🤖 AI Summary
Existing approaches struggle to disentangle factual gender-related knowledge from gender bias in language models, and there is a lack of unified benchmarks capable of evaluating both simultaneously. This work introduces GKnow, a benchmark designed to systematically assess a model’s ability to distinguish between these two types of information across diverse gender-related tasks. Combining neuron ablation and circuit analysis techniques, the study conducts experiments on GKnow, DiFair, and StereoSet. It reveals—for the first time—that factual gender knowledge and gender bias are highly entangled at both the neuronal and circuit levels. While neuron ablation can reduce bias, it concurrently degrades factual knowledge, a trade-off obscured by existing benchmarks, thereby highlighting critical limitations in current debiasing methods.
📝 Abstract
Recent works have analyzed the impact of individual components of neural networks on gendered predictions, often with a focus on mitigating gender bias. However, mechanistic interpretations of gender tend to (i) focus on a very specific gender-related task, such as gendered pronoun prediction, or (ii) fail to distinguish between the production of factually gendered outputs (the correct assumption of gender given a word that carries gender as a semantic property) and gender biased outputs (based on a stereotype).
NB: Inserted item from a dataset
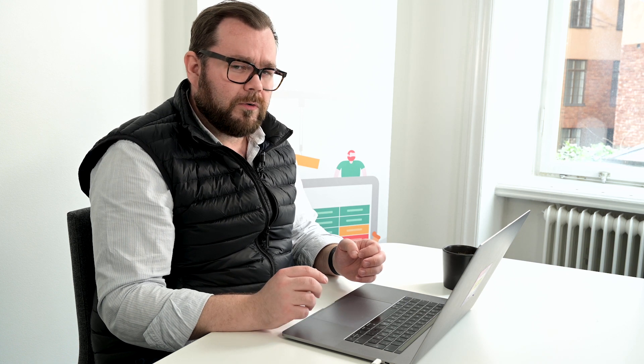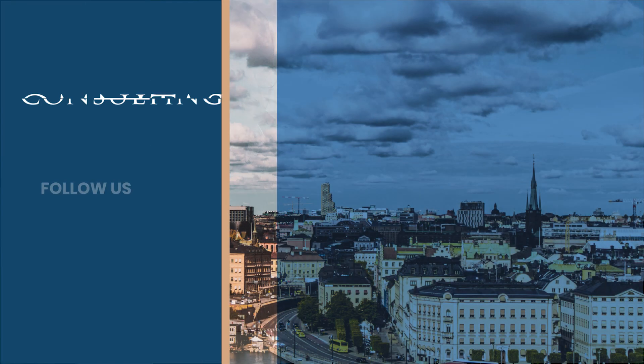I hope this helps you and I hope you dare to experiment with color. Thanks for watching, bye!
To address these issues, we curate \gknow, a benchmark to assess gender knowledge and gender bias in language models across different types of gender-related predictions. \gknow allows us to identify and analyze circuits and individual neurons responsible for gendered predictions. We test the impact of neuron ablation on benchmarks for disentangling stereotypical and factual gender (DiFair and the test set of GKnow), as well as StereoSet. Results show that gender bias and factual gender are severely entangled on the level of both circuits and neurons, entailing that ablation is an unreliable debiasing method. Furthermore, we show that benchmarks for evaluating gender bias can hide the decrease in factual gender knowledge that accompanies neuron ablation. We curate GKnow as a contribution to the continuous development of robust gender bias benchmarks.